* WHAT IS NEEDED
Everything from the line holding "Caucasian couple kissing on bench" through the final line of the entries below is to be written out exactly, and nothing more; leave out pictures.

* * *

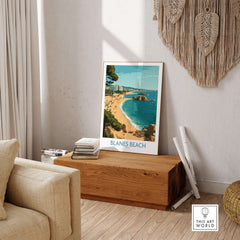 Blanes Beach Spain Travel Wall Art - Mediterranean Coast Poster displayed in a home setting with a wooden box and plant.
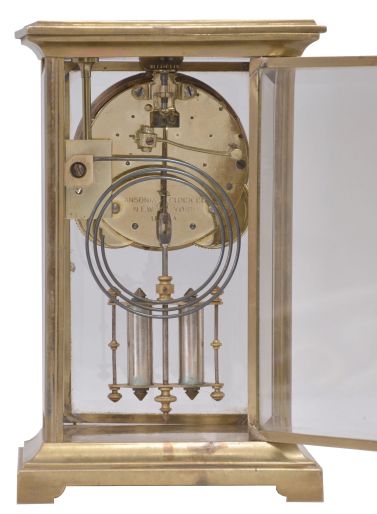 Clocks- 2 (Two): (1) Waterbury Clock Co., Waterbury, Conn. unidentified cornice top shelf clock with a spring driven 8 day time and strike movement in a rosewood veneered case. c1865; (2) Ansonia Clock Co., New York., "Dolphin" crystal regulator with a spring driven 8 day time and half hour strike movement in a polished brass and beveled glass case. c1914.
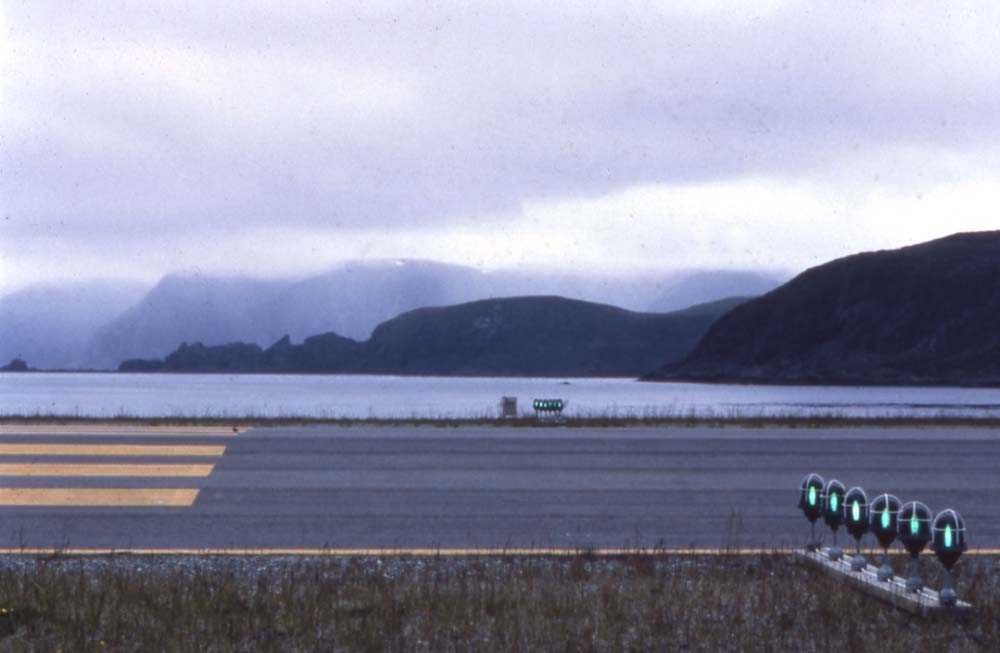 Lufthavn. Honningsvåg. Foran på bildet krysser rullebanen og i bakgrunnen Kamøyfjorden og Selvågklubben.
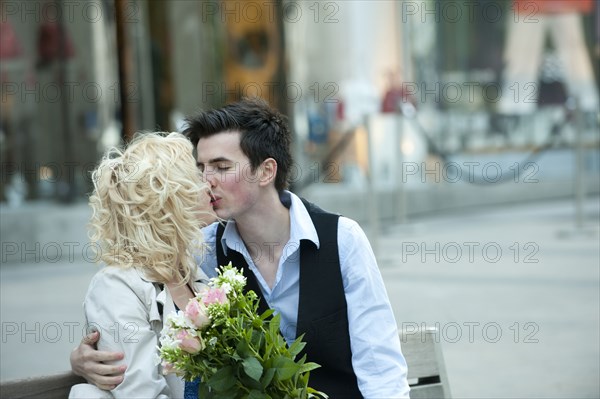 Caucasian couple kissing on bench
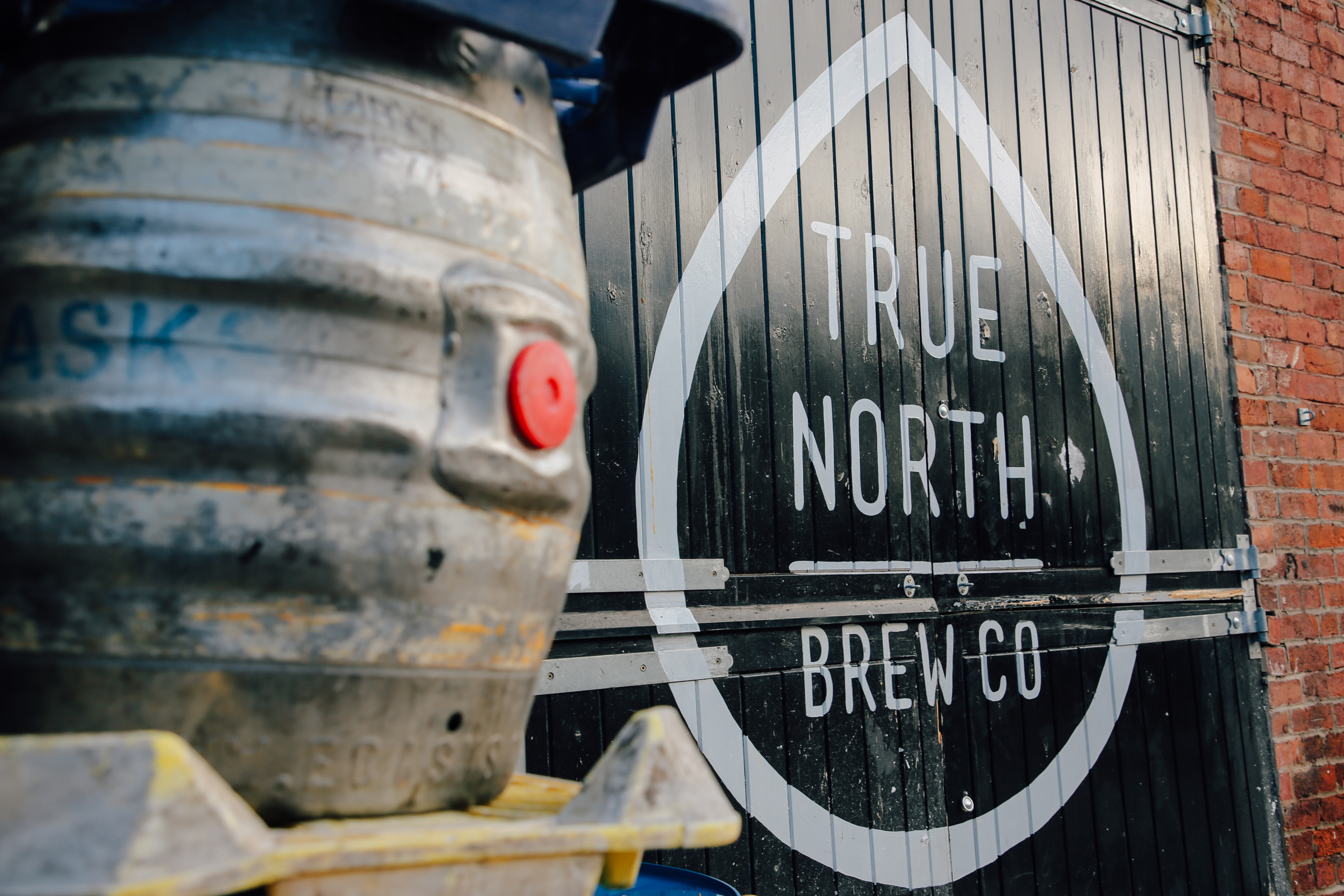 Metal beer keg in the foreground with a black wooden door in the background featuring a large white droplet-shaped outline and the words ‘TRUE NORTH BREW CO’ in bold uppercase letters.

* * *

* RESPONSE FOR THIS EXERCISE
 Caucasian couple kissing on bench
 Metal beer keg in the foreground with a black wooden door in the background featuring a large white droplet-shaped outline and the words ‘TRUE NORTH BREW CO’ in bold uppercase letters.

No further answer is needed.